The hieroglyphics, says Zoëga, are letters; and, like letters, they are arranged in lines, and express sentiments, actions, and ideas. For by their shape they are pictures, by their disposition letters.
Signa hieroglyphicorum ad literarum instar singulatim ordinata in series sive versus, animi sensus factorum idearumque seriem exprimant. Id enim hieroglyphicis proprium est, ut quoad figuram picturæ sint, quoad ordinem litteræ.” This is a very striking passage; and, as far as I know the only one uttered by a modern writer, in which it is so pointedly, and so positively asserted, that hieroglyphics are letters. He allows, indeed, another species of hieroglyphics, which we should call symbolical, but which he calls anaglyphs; these, he says, have been called hieroglyphics on account of their shortness, and principally on account of the custom of using them in the temples, for which reason they obtained the name of sacred, or hieroglyphics. They, however, are not what we should call alphabetical letters, because they express ideas. Such, for instance, is the celebrated inscription on the propylæum of the Egyptian temples at Saïs and Thebes, exhibiting the figures of an old man, an infant, a hawk, a fish, and a crocodile ; in which the infant is the emblem of nativity, the old man
of death, the hawk of the deity, the fish for hatred, and the crocodile for impudence. So that, according to Clement, the whole means, “O you who are born, and you who die, remember, that the gods hate impudence.” All this is sufficiently plain, and perfectly coin
cides with the modern discoveries, by which we are enabled to read inscriptions engraved on monuments much anterior to the time of Moses, and nearly ascending to the age of Abraham. The difficulty consists in finding out which was the first mode of writing employed by mankind; that is, whether hieroglyphics preceded or succeeded the invention of the alphabet. To ascertain this point, we should consider that every thing is emblematic, every thing is figurative, every thing is more or less hieroglyphical, amongst the ancients. They began in Chaldea, by placing, or rather by giving to some constellations the name of the ram, and of the bull, either to signify the productions of these animals during the spring, or, as we shall see in a future Lecture, to pay a peculiar homage to the Deity, as soon as they began to depart from the pure religion of Noah. Fire was the symbol of the Deity amongst the Persians; the rising of Sirius, or the dog-star, informed the Egyptians of the inundation of the Nile; the serpent holding its tail in its mouth, became the image of eternity. The whole of nature was disguised, and emblematically represented, by the primitive inhabitants of our globe.

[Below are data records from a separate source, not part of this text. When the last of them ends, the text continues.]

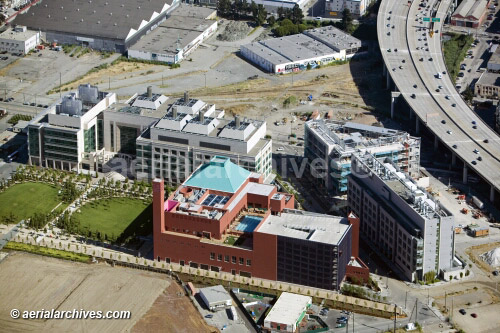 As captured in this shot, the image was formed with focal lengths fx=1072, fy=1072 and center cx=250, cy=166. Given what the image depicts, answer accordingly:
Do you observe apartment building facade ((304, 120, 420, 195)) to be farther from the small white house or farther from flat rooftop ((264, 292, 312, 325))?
the small white house

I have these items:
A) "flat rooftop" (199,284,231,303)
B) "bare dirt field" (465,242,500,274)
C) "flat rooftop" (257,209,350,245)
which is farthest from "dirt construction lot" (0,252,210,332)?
"bare dirt field" (465,242,500,274)

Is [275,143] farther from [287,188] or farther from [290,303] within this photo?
[290,303]

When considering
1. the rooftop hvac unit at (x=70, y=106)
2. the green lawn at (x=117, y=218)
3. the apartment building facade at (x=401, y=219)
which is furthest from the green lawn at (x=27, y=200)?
the apartment building facade at (x=401, y=219)

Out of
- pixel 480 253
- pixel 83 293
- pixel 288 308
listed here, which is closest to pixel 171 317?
pixel 83 293

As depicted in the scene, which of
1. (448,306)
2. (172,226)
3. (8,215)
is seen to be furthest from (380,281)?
(8,215)

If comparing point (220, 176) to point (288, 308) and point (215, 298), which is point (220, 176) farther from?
point (288, 308)

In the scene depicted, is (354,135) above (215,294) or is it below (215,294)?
above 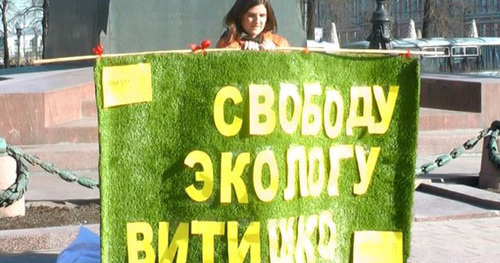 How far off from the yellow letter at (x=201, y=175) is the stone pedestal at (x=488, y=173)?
20.2 ft

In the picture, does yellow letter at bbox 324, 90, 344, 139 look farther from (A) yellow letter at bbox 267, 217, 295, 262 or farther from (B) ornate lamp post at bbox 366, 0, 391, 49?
(B) ornate lamp post at bbox 366, 0, 391, 49

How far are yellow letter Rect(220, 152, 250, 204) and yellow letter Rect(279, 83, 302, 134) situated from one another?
0.21 meters

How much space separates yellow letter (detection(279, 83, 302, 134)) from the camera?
176 inches

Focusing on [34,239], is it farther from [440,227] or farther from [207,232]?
[207,232]

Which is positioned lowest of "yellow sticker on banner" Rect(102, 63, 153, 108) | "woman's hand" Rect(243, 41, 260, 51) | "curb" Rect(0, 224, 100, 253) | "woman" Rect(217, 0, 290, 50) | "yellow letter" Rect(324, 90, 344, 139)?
"curb" Rect(0, 224, 100, 253)

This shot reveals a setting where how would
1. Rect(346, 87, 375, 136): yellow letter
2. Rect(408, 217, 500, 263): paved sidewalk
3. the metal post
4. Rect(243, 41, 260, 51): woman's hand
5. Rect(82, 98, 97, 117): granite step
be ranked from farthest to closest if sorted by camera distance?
1. Rect(82, 98, 97, 117): granite step
2. the metal post
3. Rect(408, 217, 500, 263): paved sidewalk
4. Rect(243, 41, 260, 51): woman's hand
5. Rect(346, 87, 375, 136): yellow letter

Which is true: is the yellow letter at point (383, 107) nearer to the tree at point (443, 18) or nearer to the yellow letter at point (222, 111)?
the yellow letter at point (222, 111)

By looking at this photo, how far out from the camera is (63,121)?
12844mm

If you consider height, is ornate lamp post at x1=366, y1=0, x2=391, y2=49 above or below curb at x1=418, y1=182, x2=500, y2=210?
above

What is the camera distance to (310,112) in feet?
14.9

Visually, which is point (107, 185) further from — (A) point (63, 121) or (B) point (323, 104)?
(A) point (63, 121)

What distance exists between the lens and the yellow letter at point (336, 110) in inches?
180

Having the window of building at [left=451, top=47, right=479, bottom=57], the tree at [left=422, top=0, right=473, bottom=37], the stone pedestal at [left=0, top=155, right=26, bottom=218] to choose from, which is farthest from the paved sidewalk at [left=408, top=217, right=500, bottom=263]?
the tree at [left=422, top=0, right=473, bottom=37]

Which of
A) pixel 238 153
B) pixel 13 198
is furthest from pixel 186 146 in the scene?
pixel 13 198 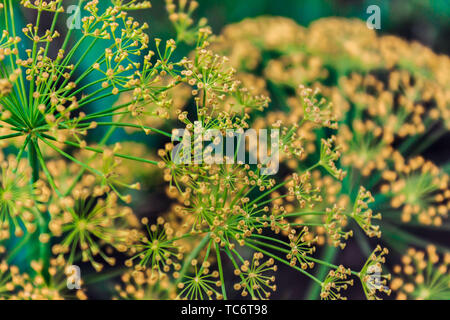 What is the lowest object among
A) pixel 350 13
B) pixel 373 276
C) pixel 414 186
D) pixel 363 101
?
pixel 373 276

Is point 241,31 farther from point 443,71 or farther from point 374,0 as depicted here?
point 374,0

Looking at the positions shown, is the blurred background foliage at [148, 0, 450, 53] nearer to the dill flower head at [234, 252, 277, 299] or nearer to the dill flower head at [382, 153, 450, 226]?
the dill flower head at [382, 153, 450, 226]

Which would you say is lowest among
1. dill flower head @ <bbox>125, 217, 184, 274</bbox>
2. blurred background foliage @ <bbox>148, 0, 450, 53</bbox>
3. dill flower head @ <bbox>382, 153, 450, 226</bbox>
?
dill flower head @ <bbox>125, 217, 184, 274</bbox>

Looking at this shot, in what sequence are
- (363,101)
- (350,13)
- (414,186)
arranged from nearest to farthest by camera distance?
(414,186) < (363,101) < (350,13)

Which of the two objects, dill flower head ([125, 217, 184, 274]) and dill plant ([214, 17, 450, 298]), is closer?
dill flower head ([125, 217, 184, 274])

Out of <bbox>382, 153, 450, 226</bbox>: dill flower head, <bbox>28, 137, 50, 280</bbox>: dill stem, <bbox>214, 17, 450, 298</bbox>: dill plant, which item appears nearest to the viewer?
<bbox>28, 137, 50, 280</bbox>: dill stem

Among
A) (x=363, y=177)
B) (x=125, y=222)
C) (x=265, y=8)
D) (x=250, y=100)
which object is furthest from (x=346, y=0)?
(x=125, y=222)

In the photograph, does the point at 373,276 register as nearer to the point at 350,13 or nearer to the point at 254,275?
the point at 254,275

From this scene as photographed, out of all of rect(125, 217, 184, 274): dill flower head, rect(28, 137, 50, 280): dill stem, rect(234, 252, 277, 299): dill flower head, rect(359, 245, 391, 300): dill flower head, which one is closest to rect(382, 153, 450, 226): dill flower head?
rect(359, 245, 391, 300): dill flower head

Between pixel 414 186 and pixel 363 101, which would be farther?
pixel 363 101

Travellers from the most remote antiquity have found in India frightful statues, furnished with ten arms, symbolically representing the power of virtue, or the power of the deity. These statues, by our missionaries, have been taken for representations of the devil. In this supposition, whatever ignorance they may have betrayed about the origin of idolatry, and of the progress and civilization of the natives, our missionaries have shewn a consistency highly calculated to prove the little advance they themselves had made in the history of mankind. Being persuaded that the true knowledge of the Deity was confined to Europe, they never thought it possible that the Hindoo nation, who could not speak French, English, or Portuguese, did not worship the devil.
If we place all the symbols and emblems which we have received from antiquity, under the inspection of a man of sense, or even of a scholar, who had never heard of them, he will not be able to understand, and much less will he be able to explain, any of them. It is a figurative and emblematical language, which requires a particular study before it can be understood.
It is for this reason that the ancient philosophers, and Pythagoras principally, who had travelled much in India and Egypt, employed this mode to convey instruction to their pupils. Most, if not all, the precepts of this last mentioned philosopher, are couched in such figurative expressions as to become riddles, or hieroglyphics.
“ Do not stir the fire with the sword,” said he ; to signify, do not irritate a man who is already in a passion.
“ Do not eat beans," to signify, avoid public assemblies, in which we know the vote was given by beans.
During the storm, go and worship the echo;" to signify, during civil wars retire to the country.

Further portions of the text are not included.